Despite the Congalese international’s arrival, QPR’s defending was not especially foolproof, yet the only occasion on which keeper Rob Green was seriously called into action was when he picked the ball out of his own net.
Sunderland’s inability to muster a response, or draw a save out of Green after falling behind midway through the second half, was testament to the impact Samba has made on Redknapp’s defence.
Similarly, Remy made his presence felt in the only statistic that matters – goals.
The Frenchman, who had been a target for Sunderland before it became obvious that Marseille would receive a hefty transfer fee for the 26-year-old’s services, could have added to his tally after spurning a couple of chances following his leveller.
But the pace of Remy, Junior Hoilett and Andros Townsend stretched Sunderland’s back-line throughout that first half – other than the 10 minutes after Steven Fletcher’s goal – and when the golden opportunity came, the £8m man finished clinically beyond Simon Mignolet.
Remy certainly benefited from more service than Graham.
Other than a Seb Larsson cross when Samba slipped and took the former Middlesbrough man unawares, the Sunderland striker never had a sniff.
And while chances were hard to come by, so were any opportunities to influence the play.
Time and again during that backs-to-the-wall opening 20 minutes, Sunderland humped the ball forward via hit and hope, rather than giving Graham or Fletcher a chance by getting the ball into their feet.
The 4-4-2 needed to incorporate Graham into the starting line-up left Sunderland frighteningly open in that first 45 minutes too.
With neither Adam Johnson or Stephane Sessegnon natural back-trackers, Jack Colback and Craig Gardner were left one-on-one against QPR’s wingers and the latter, in particular, struggled as he stood off Hoilett and allowed him the chance to build up a head of steam.
O’Neill was forced to switch Graham to the right and move Sessegnon into the hole as the half drew to a close, simply to give Sunderland a hope of linking the midfield and front-line.
The removal of Graham 12 minutes into the second half was a necessary one and Sunderland looked a far more solid unit with a 4-4-1-1 before conceding a goal just as QPR were beginning to labour.
The extra body in that midfield area – albeit it was merely through Sessegnon dropping deeper than either Fletcher or Graham naturally would – gave a helping hand to N’Diaye.
Although the France Under-21 international clearly has potential and makes the positive runs forward that no other midfielder at the club can manage, his execution remains inconsistent, while, on Saturday, he too often either drifted off his man or was caught the wrong side.

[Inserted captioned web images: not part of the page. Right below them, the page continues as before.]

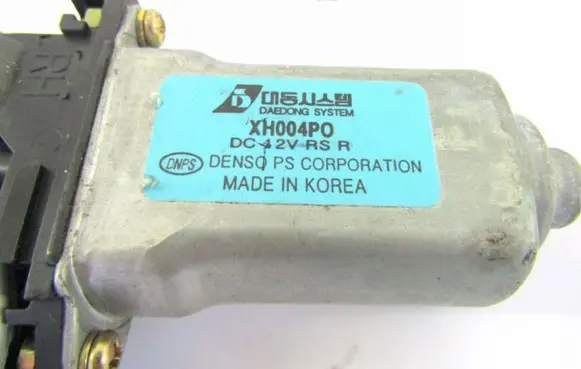 KIA Carens I Front door window regulator motor XH004P0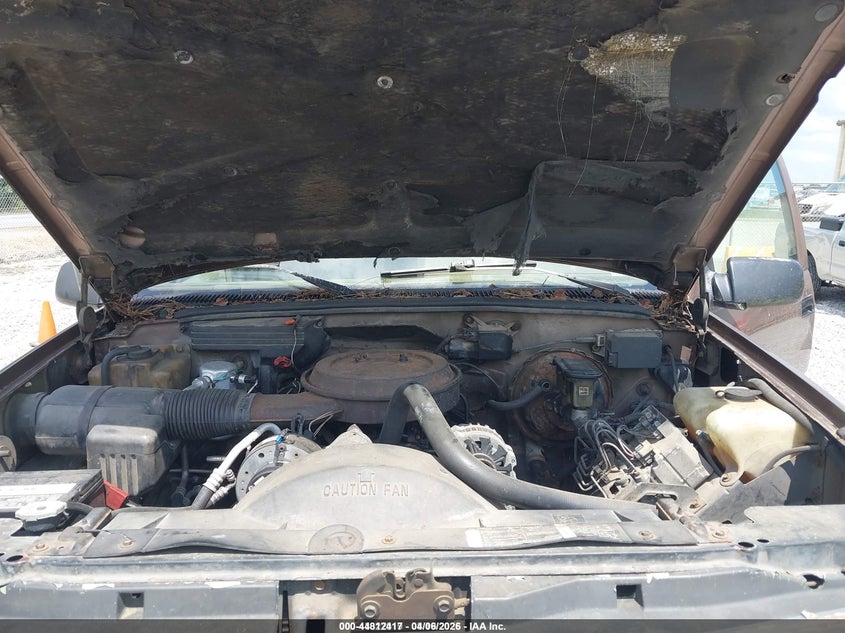 1994 Chevrolet Suburban K1500 VIN: 1GNFK16K1RJ397882 Lot: 44812417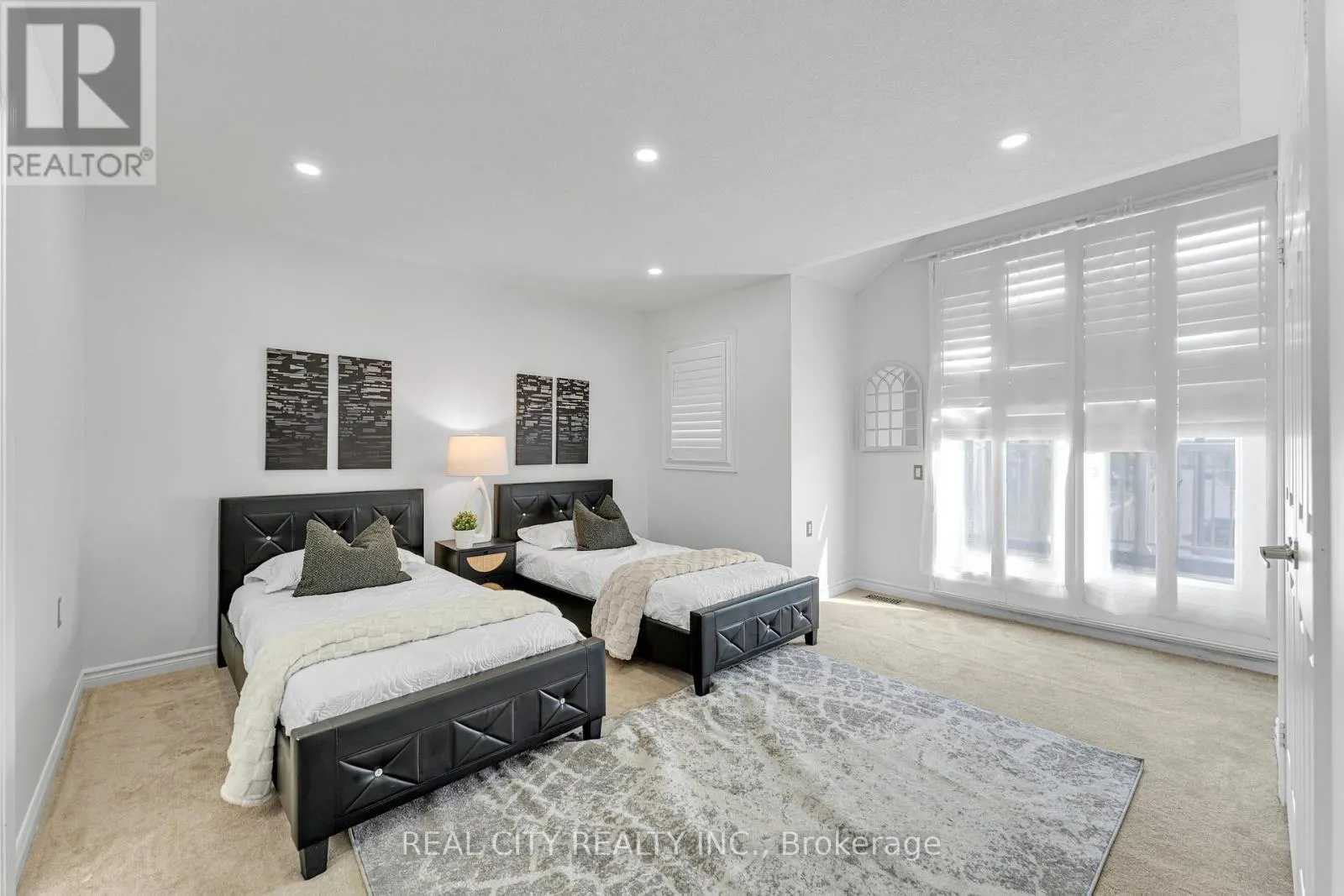 106 BENADIR AVENUE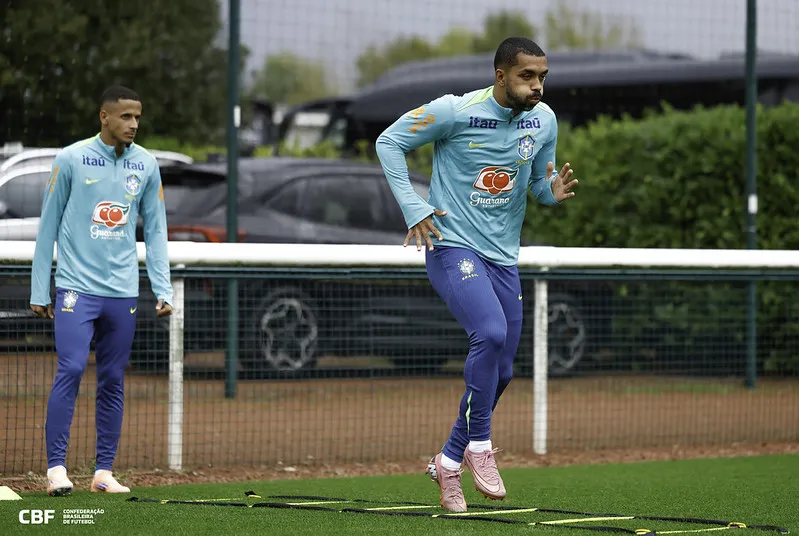 Atividade no CT do Arsenal, em Londres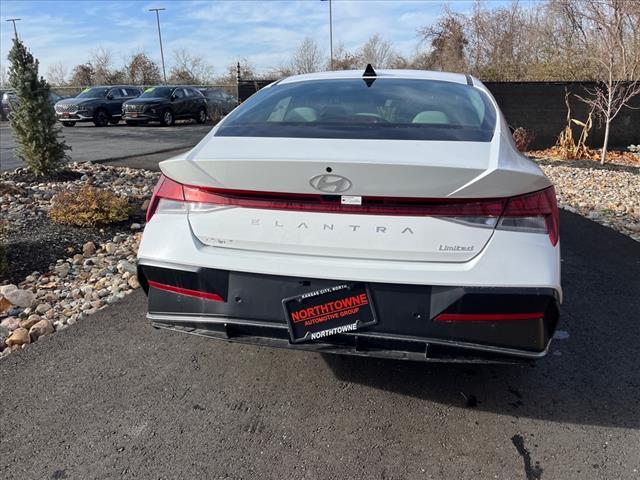 new 2024 Hyundai Elantra car, priced at $28,225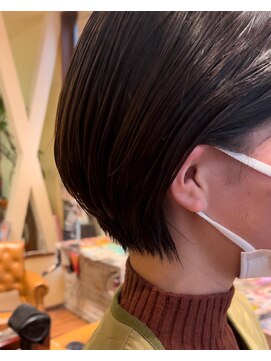 ブルーモスク トウキョウ(TOKYO) 丸みあるショートボブ！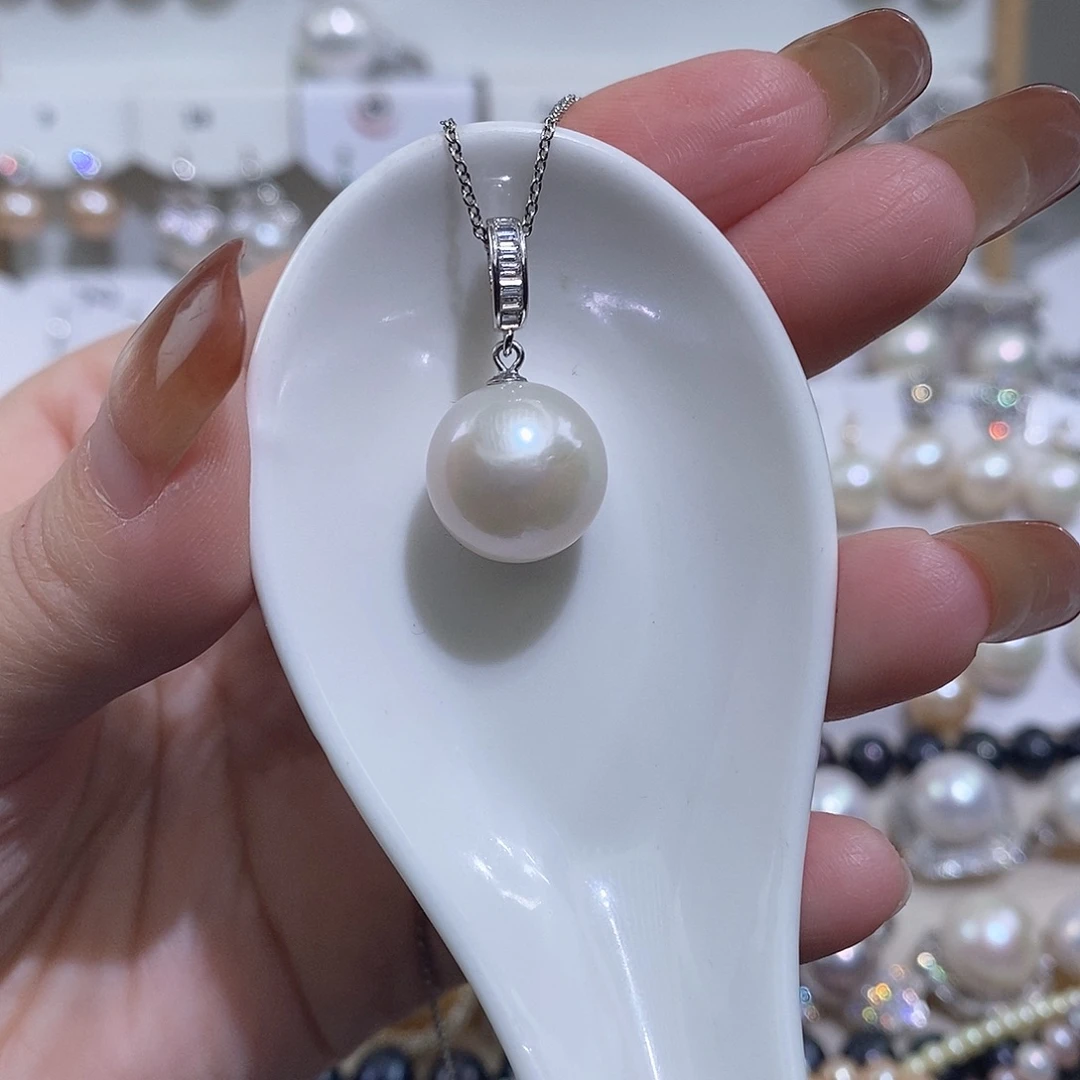 淡水珍珠银S925镶嵌吊坠(赠链)w13.5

The problem with just two principle January signings is that O’Neill can do little to tinker with the team for what is an enormous encounter against Norwich City.

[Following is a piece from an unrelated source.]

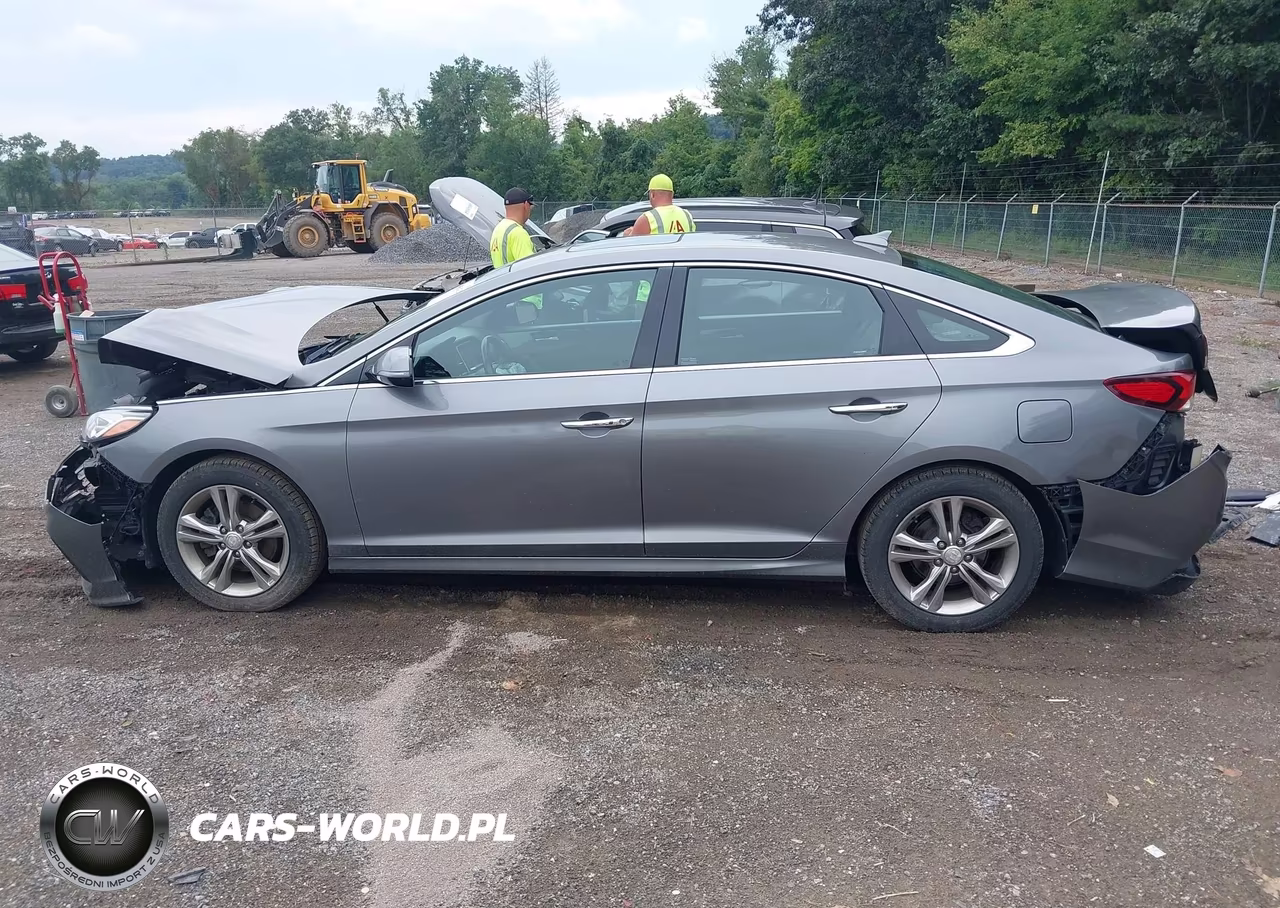 2018 Hyundai Sonata Limited VIN:5NPE34AF2JH619291 - 15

Yes, the third January arrival, Kader Mangane, could be included, as could Phil Bardsley, David Vaughan, James McClean and even Connor Wickham, presuming he returns from a loan spell at Sheffield Wednesday.

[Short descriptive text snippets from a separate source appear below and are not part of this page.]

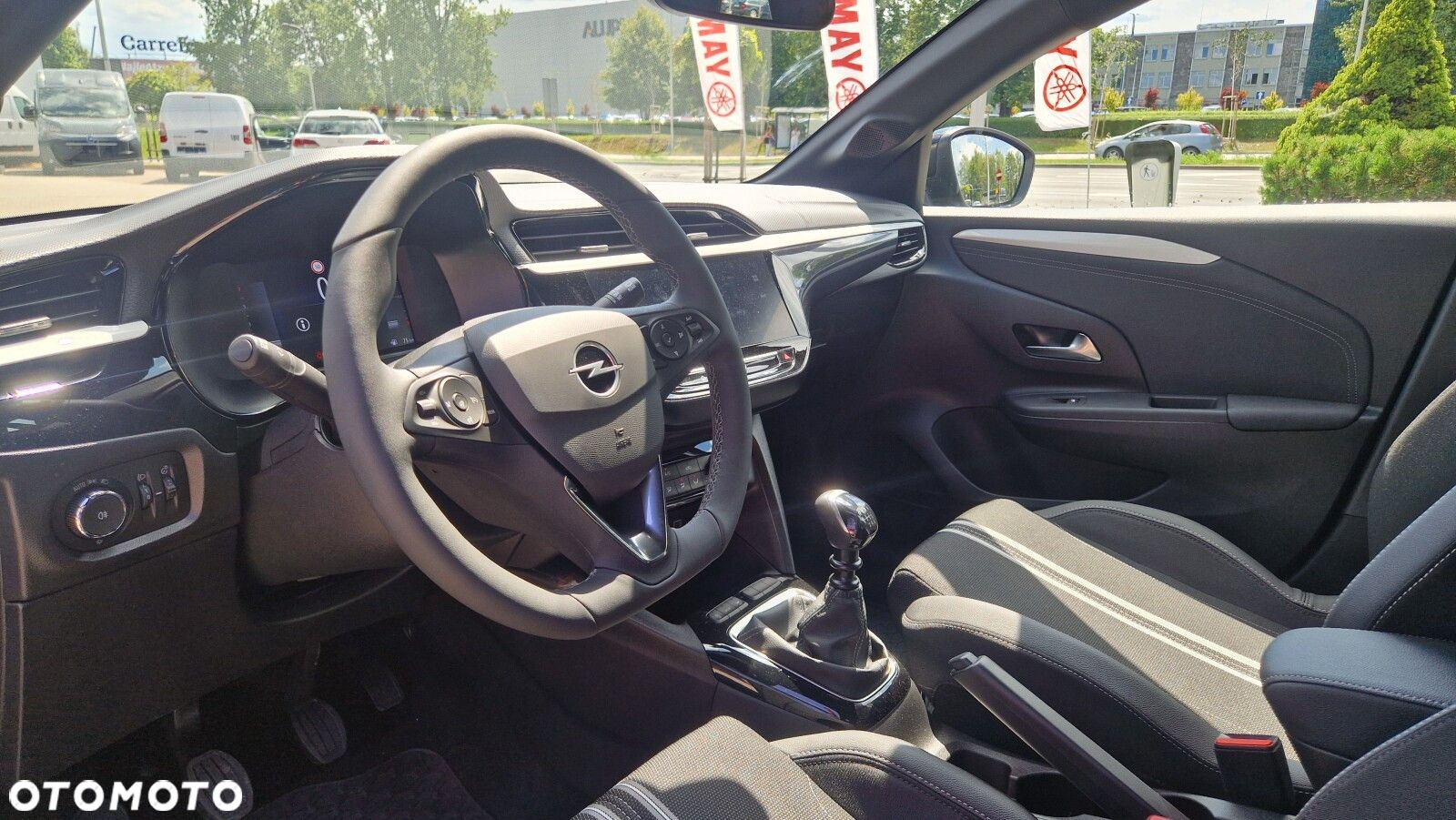 Opel Corsa 1.2 GS S&S - 12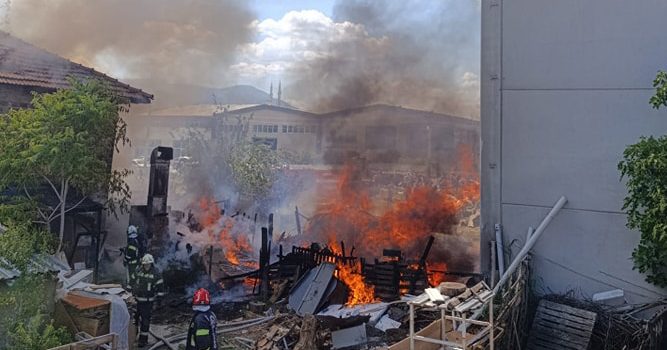 ODUNLUKTAN BAŞLAYAN YANGIN BİR EVİ KÜL ETTİ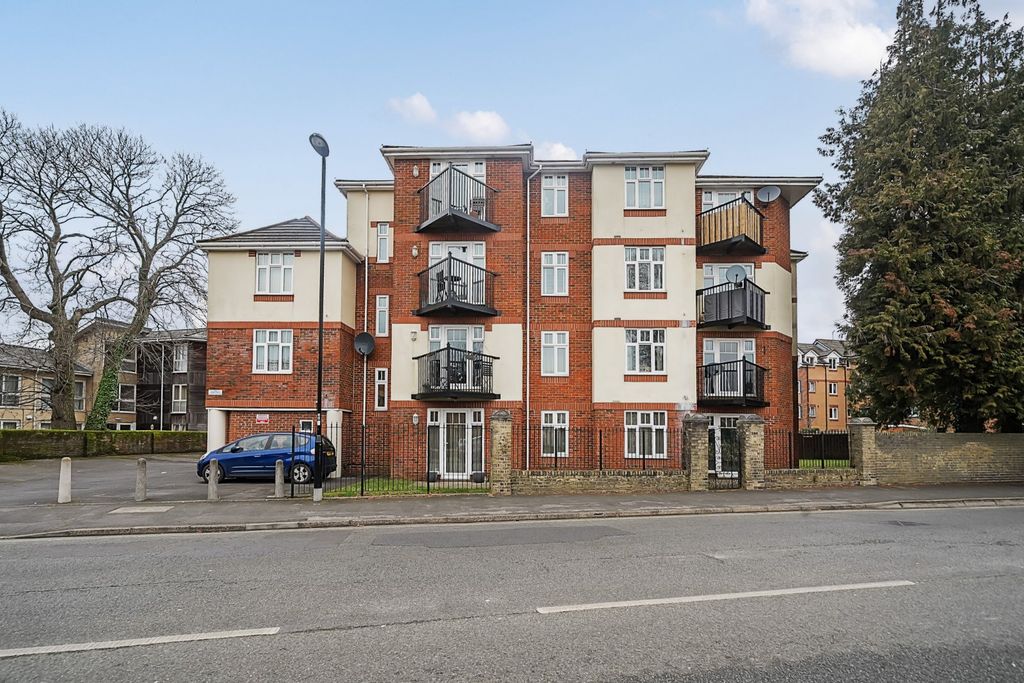 Property photo 1 of 14 Picture No. 01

But for O’Neill, who had been keen to secure more recruits in the window, there is no opportunity for wholesale changes.
What Short will have learned, though, is that Saturday was further proof of Sunderland’s need to make significant reinforcements during the summer.
Defeat at Loftus Road did nothing to alleviate concerns that Sunderland will still be in the Premier League by then though.